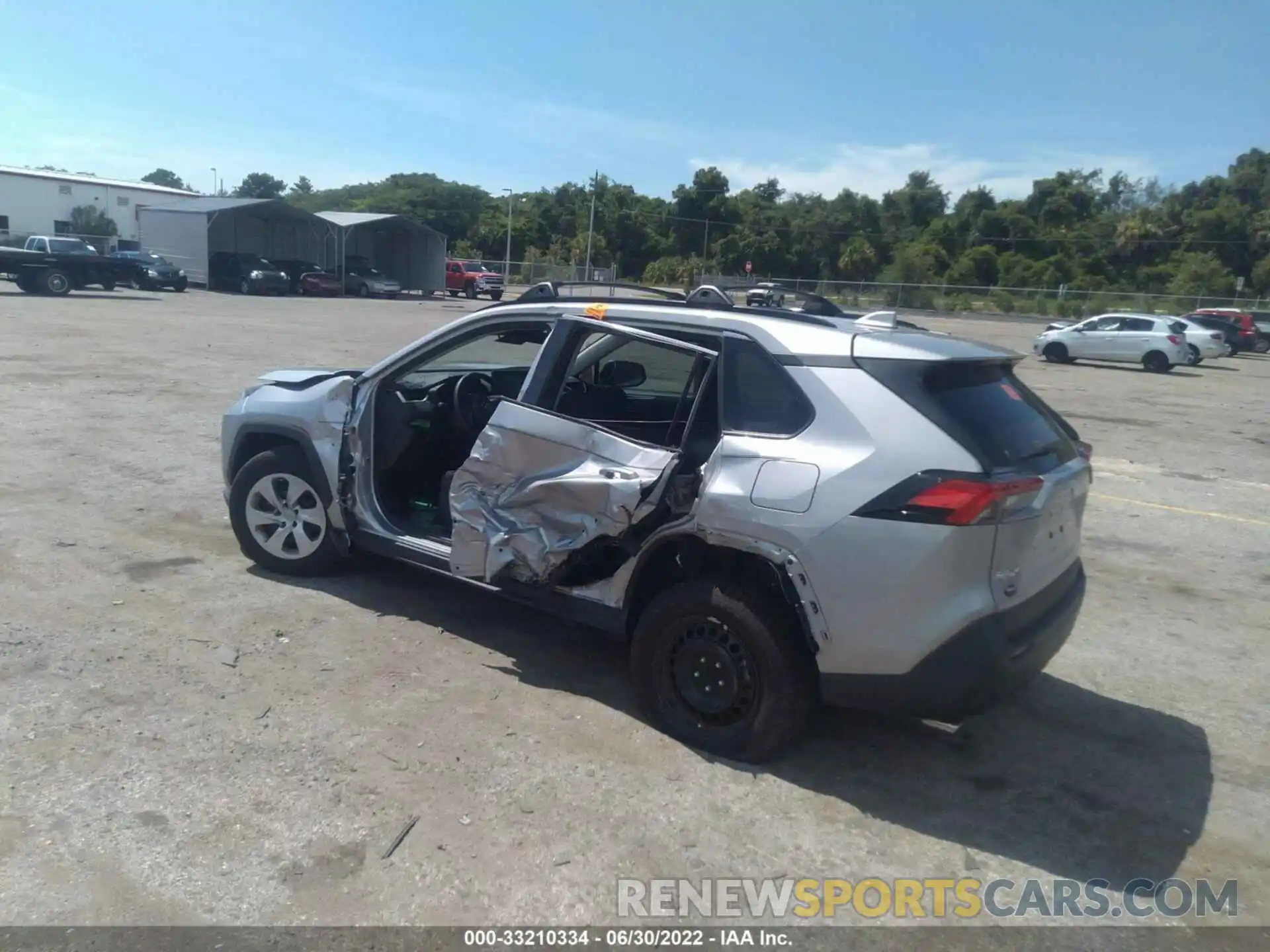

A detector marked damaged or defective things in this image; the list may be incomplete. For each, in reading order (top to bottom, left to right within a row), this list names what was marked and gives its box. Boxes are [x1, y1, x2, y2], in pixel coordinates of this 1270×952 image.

crumpled sheet metal [454, 401, 681, 586]
silver damaged suv [221, 282, 1092, 762]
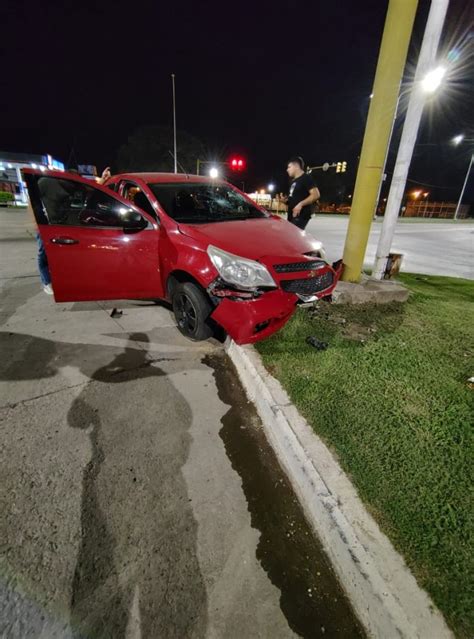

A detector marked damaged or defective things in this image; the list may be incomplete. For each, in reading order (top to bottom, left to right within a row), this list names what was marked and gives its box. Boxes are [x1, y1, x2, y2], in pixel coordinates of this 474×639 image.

damaged red car [23, 170, 340, 344]
crumpled front bumper [209, 258, 342, 344]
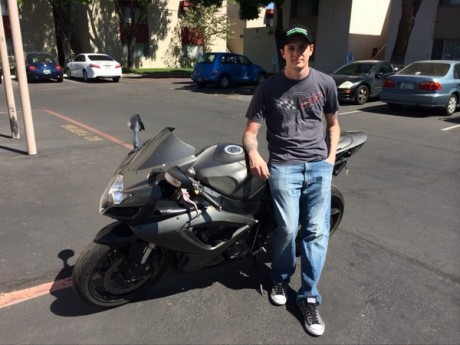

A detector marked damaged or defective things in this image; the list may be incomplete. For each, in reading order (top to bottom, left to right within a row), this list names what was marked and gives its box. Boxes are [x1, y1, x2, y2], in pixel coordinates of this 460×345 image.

damaged suzuki motorcycle [72, 115, 366, 306]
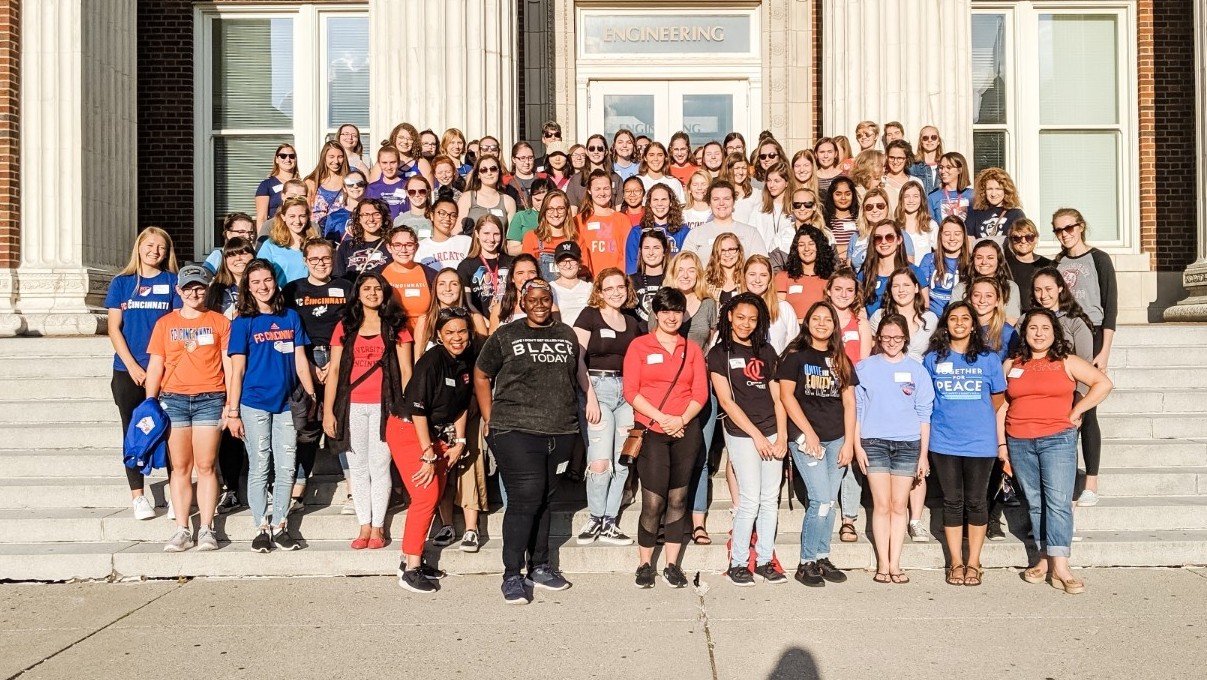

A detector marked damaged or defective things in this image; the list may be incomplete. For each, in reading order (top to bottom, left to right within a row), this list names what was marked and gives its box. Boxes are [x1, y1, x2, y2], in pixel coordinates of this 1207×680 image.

pavement crack [5, 582, 183, 676]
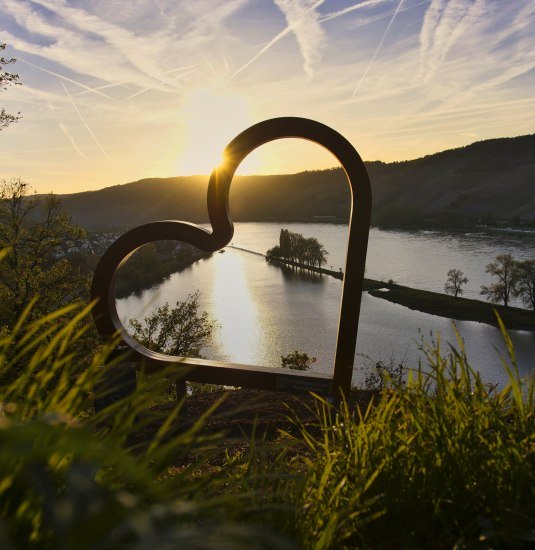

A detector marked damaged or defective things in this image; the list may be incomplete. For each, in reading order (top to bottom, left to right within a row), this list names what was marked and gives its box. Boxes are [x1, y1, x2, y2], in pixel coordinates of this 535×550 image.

rusted metal frame [89, 117, 372, 402]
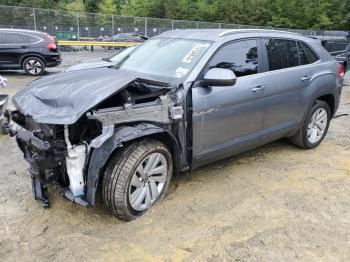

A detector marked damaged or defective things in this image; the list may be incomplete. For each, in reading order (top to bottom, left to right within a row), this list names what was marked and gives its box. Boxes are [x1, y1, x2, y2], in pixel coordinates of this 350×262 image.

damaged volkswagen atlas [5, 29, 342, 221]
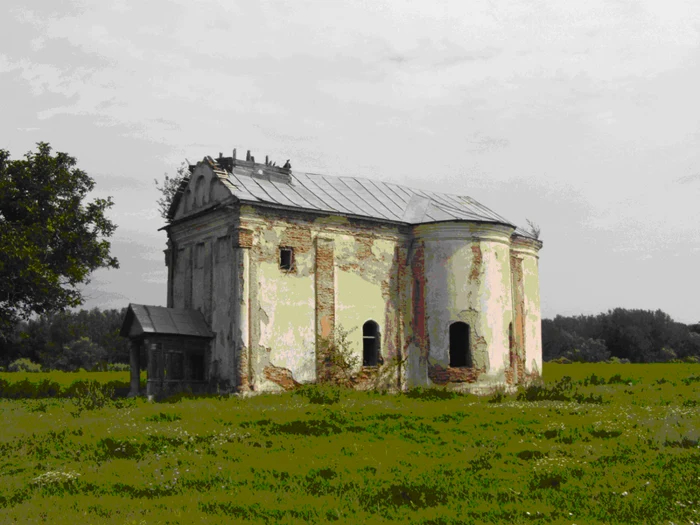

━━━━

## What you should do
The result is an exact copy of the lines from the one holding "this 535×550 image." through the final line of the data above, both ends included, minus the pictures.

## Result of the exercise
A detector marked damaged or defective things in this image; the list may be incomplete. For each, in reading order (top to bottom, left to right within a row), this list names what was marked and gives its box. Boxes are [x1, y1, x2, y2], in pixel coordinates of this 535×550 image.

rusted metal frame [89, 117, 372, 402]

A detector marked damaged or defective things in this image; the list may be incomplete. For each, in reading order (top to bottom, left to right within a row), this list names what was marked and gives its box. Boxes are [x1, y1, x2, y2], in pixel coordinates of this 350×262 image.

damaged volkswagen atlas [5, 29, 342, 221]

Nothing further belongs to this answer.